Ankara, December 17, 2014/ Independent Balkan News Agency
The devaluation of the lira and the interest rates worry the markets
By Manolis Kostidis
Reflection is prevalent in the Turkish government, due to negative news coming from the front of the economy.
The Turkish lira in the last month was depreciated by 5.7% against the dollar and 5.6% against the Euro. Its exchange rate exceeded the historical low of 3 lira per Euro.
At the same time, the interest rates of turkish bonds reached 8.78%, which are the highest in the last two years.
The main reason for this turmoil is the economic developments in Russia. The Turkish construction companies in recent years have undertaken projects worth USD 20 billion and devaluation of the ruble is a cause of concern. Other reasons for markets’ relactance are the political developments in Turkey, namely the arrests of newspaper directors, the way Erdogan governs, by gathering all the powers of the state to his person and finally, his dispute with the EU.

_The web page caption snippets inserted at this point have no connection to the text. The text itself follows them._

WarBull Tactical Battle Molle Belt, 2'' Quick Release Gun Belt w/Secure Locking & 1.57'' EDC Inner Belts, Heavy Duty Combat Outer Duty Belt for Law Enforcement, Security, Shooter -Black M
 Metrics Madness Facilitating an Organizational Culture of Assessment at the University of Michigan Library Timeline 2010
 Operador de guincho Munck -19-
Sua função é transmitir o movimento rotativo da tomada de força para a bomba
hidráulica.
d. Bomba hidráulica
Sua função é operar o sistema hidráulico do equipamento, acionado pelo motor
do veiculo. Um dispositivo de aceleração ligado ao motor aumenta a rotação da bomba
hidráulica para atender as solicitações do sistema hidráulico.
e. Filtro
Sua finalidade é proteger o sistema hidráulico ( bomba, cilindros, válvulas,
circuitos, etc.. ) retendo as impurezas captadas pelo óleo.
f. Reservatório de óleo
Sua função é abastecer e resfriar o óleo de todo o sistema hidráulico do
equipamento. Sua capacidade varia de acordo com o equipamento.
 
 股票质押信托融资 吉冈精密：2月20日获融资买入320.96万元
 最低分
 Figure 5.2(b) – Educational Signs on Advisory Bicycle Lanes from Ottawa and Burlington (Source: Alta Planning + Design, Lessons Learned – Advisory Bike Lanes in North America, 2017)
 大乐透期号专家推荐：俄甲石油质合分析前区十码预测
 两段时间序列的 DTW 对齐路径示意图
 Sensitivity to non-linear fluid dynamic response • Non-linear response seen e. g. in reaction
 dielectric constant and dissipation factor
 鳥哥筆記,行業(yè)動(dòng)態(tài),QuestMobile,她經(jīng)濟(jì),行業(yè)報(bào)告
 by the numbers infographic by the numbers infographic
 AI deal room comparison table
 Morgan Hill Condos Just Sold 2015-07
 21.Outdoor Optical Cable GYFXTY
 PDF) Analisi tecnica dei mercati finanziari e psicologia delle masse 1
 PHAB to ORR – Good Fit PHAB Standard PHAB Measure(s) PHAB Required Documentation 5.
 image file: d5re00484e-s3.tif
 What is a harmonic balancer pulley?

The devaluation of the Turkish lira might, however, benefit the tourism and export business, since the services and Turkish products will become cheaper.
But analysts say that many construction companies that have undertaken massive public projects, such as the new airport of Istanbul, which will cost USD 25 billion, or the motorway Izmir-Istanbul, have received consortium loans in foreign currency and the devaluation of the lira might put them on a tight spot.
In addition, Turkey is burdened by huge amounts of gas and oil purchases from Russia, as each year it spends USD 25 billion for this reason.
Unemployment in Turkey has reached the record level of 10.5% since 2011. According to the Statistical Service, in September 2013 unemployment was at around 10.1%. In 2014 the Turkish economy grew by 4.4%, while in 2014 growth is expected to “slow down” and close at 3.3%.